Given data:
---

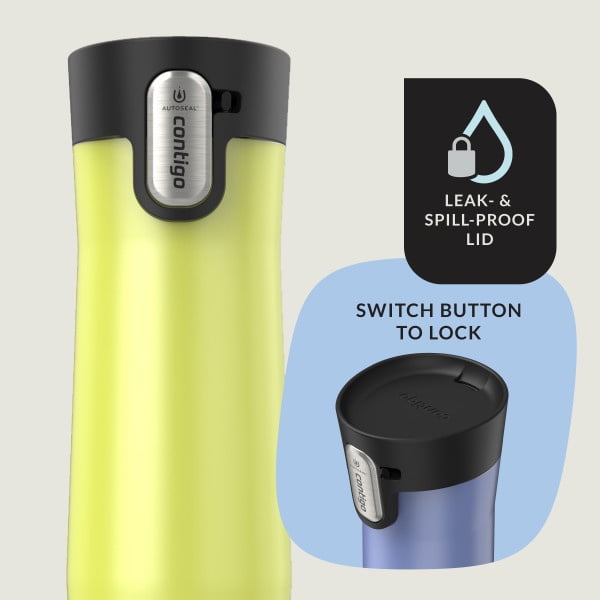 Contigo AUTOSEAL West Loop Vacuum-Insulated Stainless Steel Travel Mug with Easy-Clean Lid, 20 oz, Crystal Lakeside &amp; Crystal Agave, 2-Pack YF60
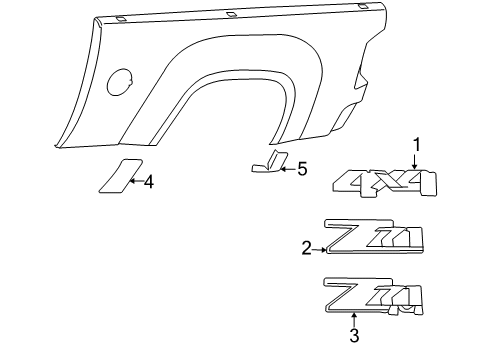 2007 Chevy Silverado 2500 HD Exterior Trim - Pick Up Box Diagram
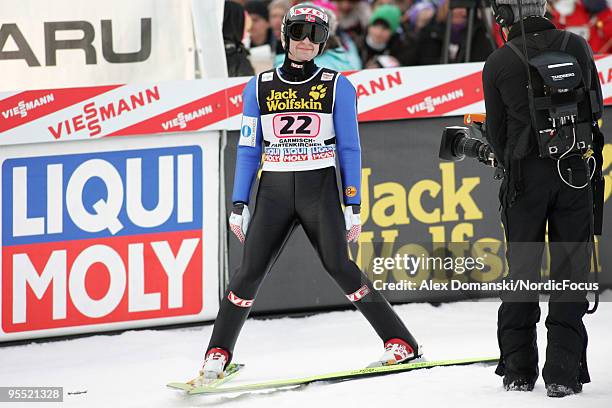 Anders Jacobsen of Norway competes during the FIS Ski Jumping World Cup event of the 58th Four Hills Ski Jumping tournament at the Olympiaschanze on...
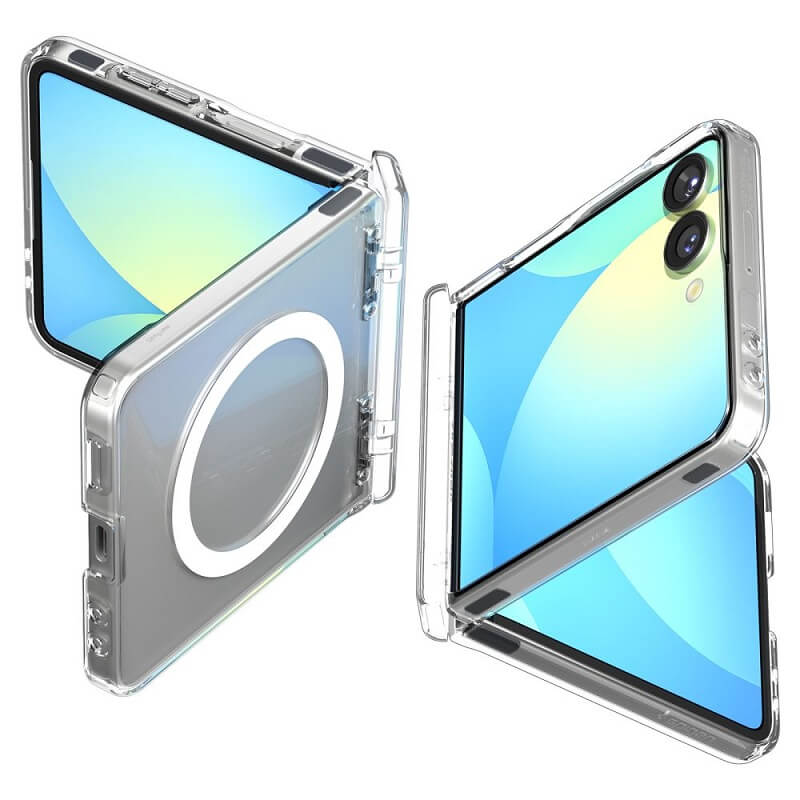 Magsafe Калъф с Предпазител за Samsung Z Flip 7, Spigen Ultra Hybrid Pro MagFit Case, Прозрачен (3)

---

Problem description:
Reproduce everything above exactly, images excluded.

Solution for this task:
 Contigo AUTOSEAL West Loop Vacuum-Insulated Stainless Steel Travel Mug with Easy-Clean Lid, 20 oz, Crystal Lakeside &amp; Crystal Agave, 2-Pack YF60
 2007 Chevy Silverado 2500 HD Exterior Trim - Pick Up Box Diagram
 Anders Jacobsen of Norway competes during the FIS Ski Jumping World Cup event of the 58th Four Hills Ski Jumping tournament at the Olympiaschanze on...
 Magsafe Калъф с Предпазител за Samsung Z Flip 7, Spigen Ultra Hybrid Pro MagFit Case, Прозрачен (3)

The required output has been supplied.